Many of the steps feds are taking are no-brainers, like turning off lights and computers at the end of the workday, or setting printers to use both sides of a piece of paper. They're also pursuing a lot of high-tech solutions to reduce energy consumption. The Air Force and the Navy, for example, are aggressively testing renewable jet fuels developed from plant oil to power combat aircraft. Not to be outdone in the category of environmentally friendlier weapons, the Army is developing a hybrid combat vehicle.

Like many agencies, the Veterans Affairs Department is pursuing more solar projects. One that caught our eye is a carport mounted with a 2.9-megawatt solar electric system for the Southern Arizona VA Health Care System in Tucson. Angiolo Laviziano, chief executive officer of REC Solar, the company building the project, says such carports, sometimes called solar ports, are increasingly popular because they have dual benefits-they produce electricity and provide shade. VA's is the largest solar port in the United States, he said.

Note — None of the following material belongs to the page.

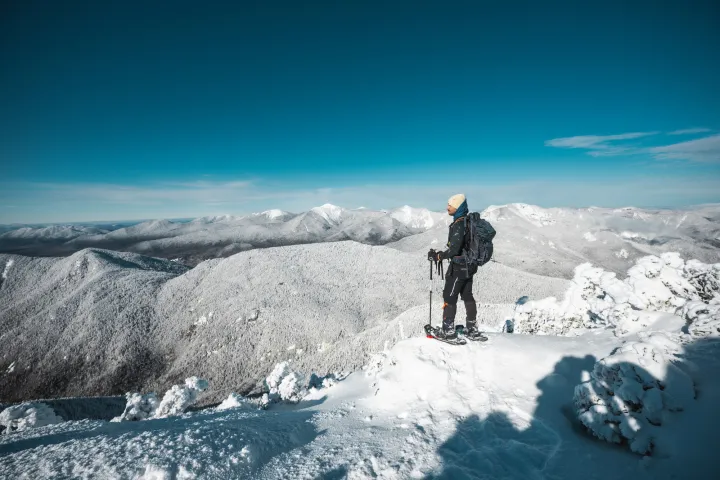 A snowshoer on a very high winter summit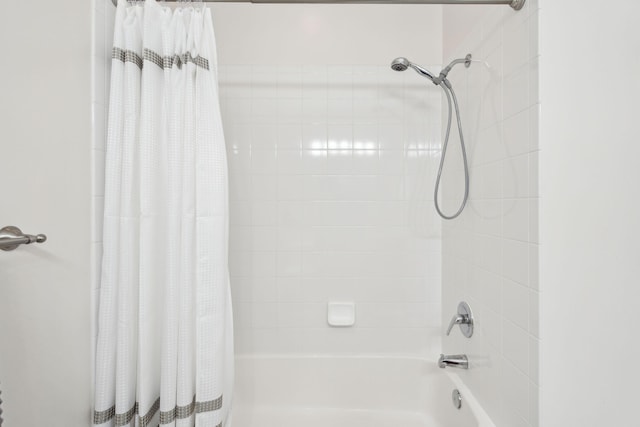 bathroom with shower / bath combination with curtain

"I actually believe that in the next three to four years we will see a concurrence where we will have solar carports coming as a package with electric car-charging stations," Laviziano says. If that's the case, then feds soon could gain a new employee benefit-electric car recharging.

-Katherine McIntire Peters

Paying a Premium

Sticker shock hit federal workers when the Office of Personnel Management in October announced a 7.2 percent increase in the average employee's contribution to health insurance-a pattern officials have attributed to rising health care costs, an aging workforce and new benefits.

The Federal Employees Health Benefits Program in 2010 increased coverage for out-of-network mental health care, and participants in 2011 will see tobacco cessation programs, no-cost preventive screenings and extended coverage for dependents until age 26.